[Deep Learning] Clickstream based user intent prediction with CNNs

Understanding customer intent by clicks can improve customer journeys and enhance the overall user experience in eCommerce. An understanding of individual customers allows to customize the online experience in several ways. For example, it is possible to show them additional information, based on their behavior or recommend better products. Customer journeys in eCommerce can be represented by events (clicks) on the service provider site. This post shows how to use these clicks to predict user intent, using artificial neural networks .

Disclaimer

First let me say that I personally don’t like extensive tracking of activities by google or other large cross site advertising companies.
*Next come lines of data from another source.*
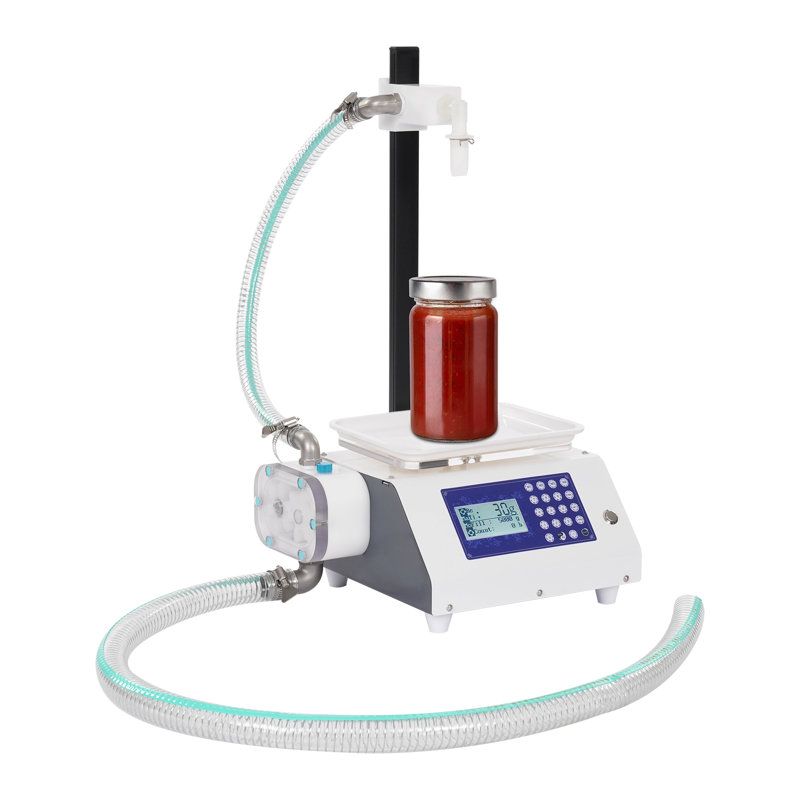 Machine de remplissage de bouteilles de miel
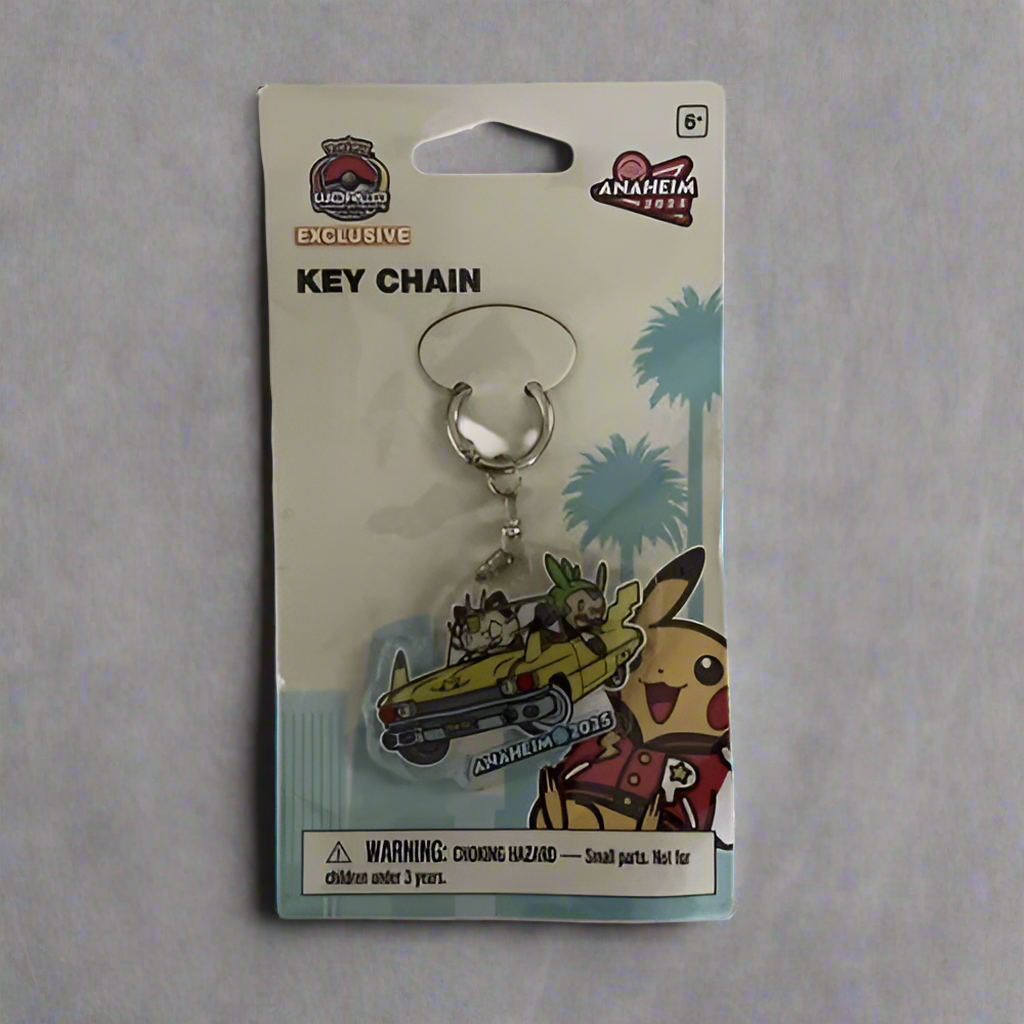 Pokémon 2025 WCS keychain featuring Meowth and Chespin in a yellow car, packaged on a branded Anaheim display card.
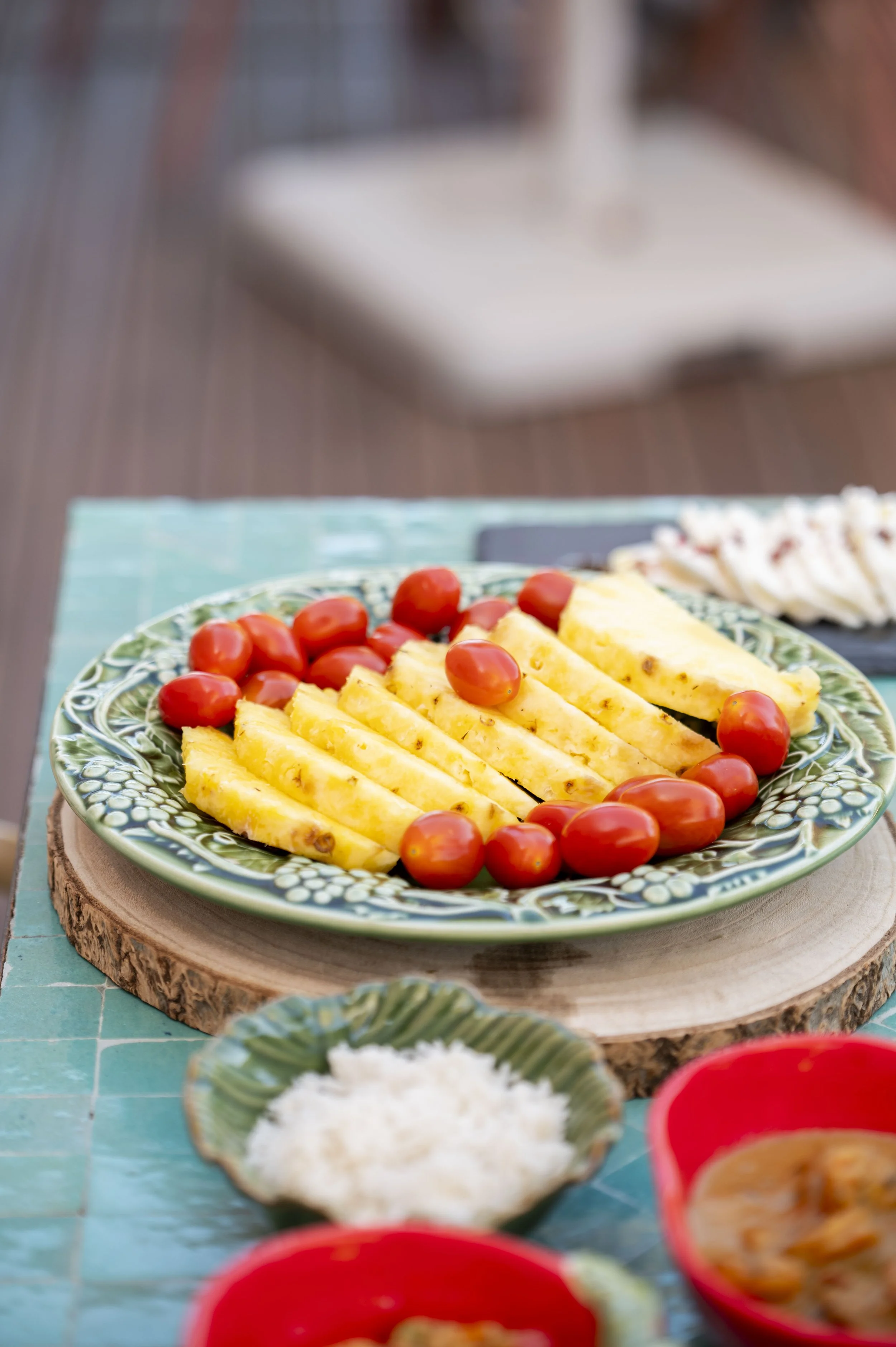 Prato com pedaços de abacaxi e tomates cereja, colocado sobre uma tábua de madeira. Ao fundo, uma bandeja de comida e tigelas vermelhas com alimentos variados.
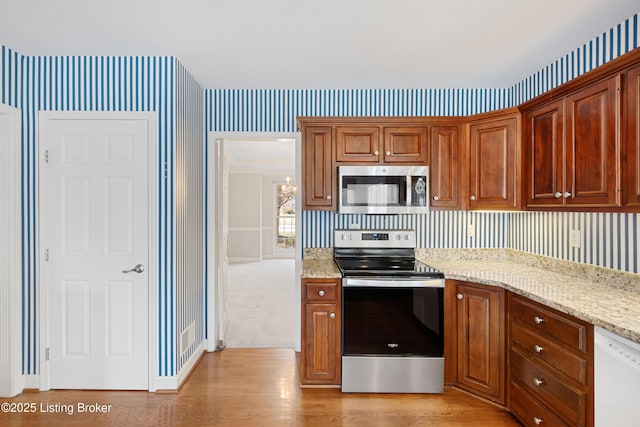 kitchen featuring appliances with stainless steel finishes, light wood finished floors, light stone counters, and wallpapered walls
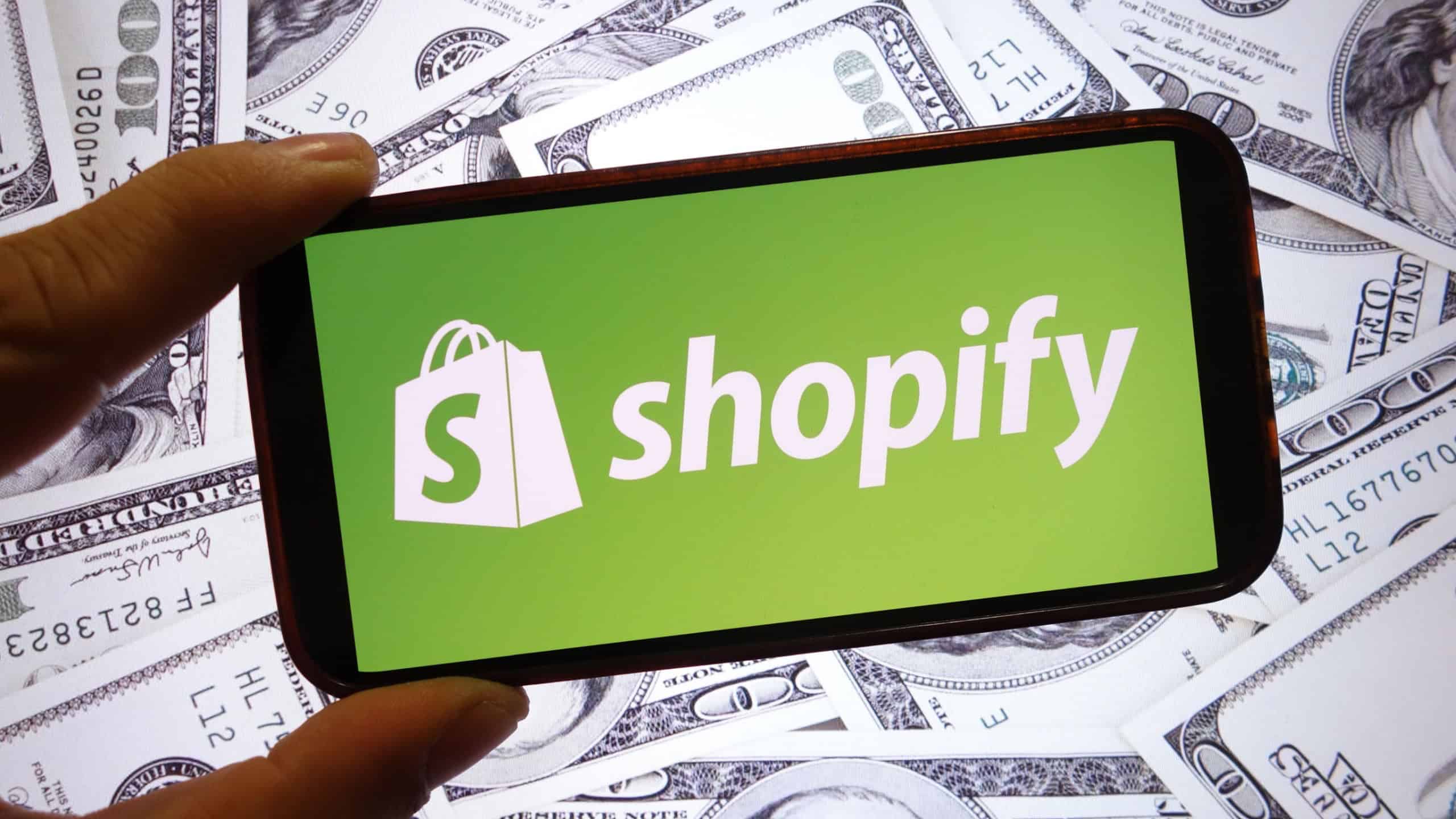 Shopify company logo displayed on mobile phone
That said, I think that individual websites can use similar techniques without being harmful to privacy, if their data is not shared or connected to any external service. It’s a difference, if I use data from users to make their experience a better one, or if I track activities across the whole internet to show advertisements. Furthermore, this personalization should be an opt-out.

Data representation of the sequence

Let’s start to look at the typical user data:

User Event Streams

This image represents three different parts of user journeys, while interacting with a shop system. Obviously, every user has a different intent, but we can detect some patterns in their behavior. User 1 might be looking for a specific Product, while User 2 might be just browsing through the page. We can represent this journey as a sequence of events and each event can be represented as embedding inside the neural network. Using an embeddings space also make events comparable, like in NLP embeddings and furthermore we can deal with a large amount of events (e.g. if we use one event for each article in the shop). This number of distinct events is the counterpart to the vocabulary size in NLP.

Another important parameter is the maximum sequence length. The number of events in click streams can be very different for each user and session. At some point we must make a cut. The exact numer depends on the data, but the 90th percentile should be a good starting point.

Target variable

As we don’t know what the real intent of a user is, we need some proxy. We could cluster (sequence clustering) all the different sequences into such intents, or we could use a target event as a proxy e.g. a successful order.

In case of predicting intent, it’s important to divide the data into time windows. One window (X) represents the click data before time t0 and the second window represents data after t0, this is where we expect the target event Y to happen. In comparison to the image below, click data is not a continuous value, but the idea of the window approach gets clear. We could for example use a window of 6 hours to predict if the customer purchases something in the next 6 hours. Or we could even use real time data and continuously predict the next action.

Sliding Window Approach to Modeling Time Series
Sliding windows for modeling event streams
Time-series Extreme Event Forecasting with Neural Networks at Uber”.

After having a target event, we can construct a problem to solve within a classifier. Considering we have a list of events, which are already encoded as integers, we can transform the data like this:

from keras.preprocessing.sequence import pad_sequences
import numpy as np

num_events = 8
seq_len = 10

events = [
     [1, 2, 1, 2, 1], # 'user1'
     [3, 4, 2, 4, 1], # 'user2'
     [1, 5, 6, 7]] # 'user3' purchase

x = pad_sequences(events, seq_len)
y = [0, 0, 1]

(x, y)
 Output:
(array([[0, 0, 0, 0, 0, 1, 2, 1, 2, 1],
        [0, 0, 0, 0, 0, 3, 4, 2, 4, 1],
        [0, 0, 0, 0, 0, 0, 1, 5, 6, 7]]), [0, 0, 1])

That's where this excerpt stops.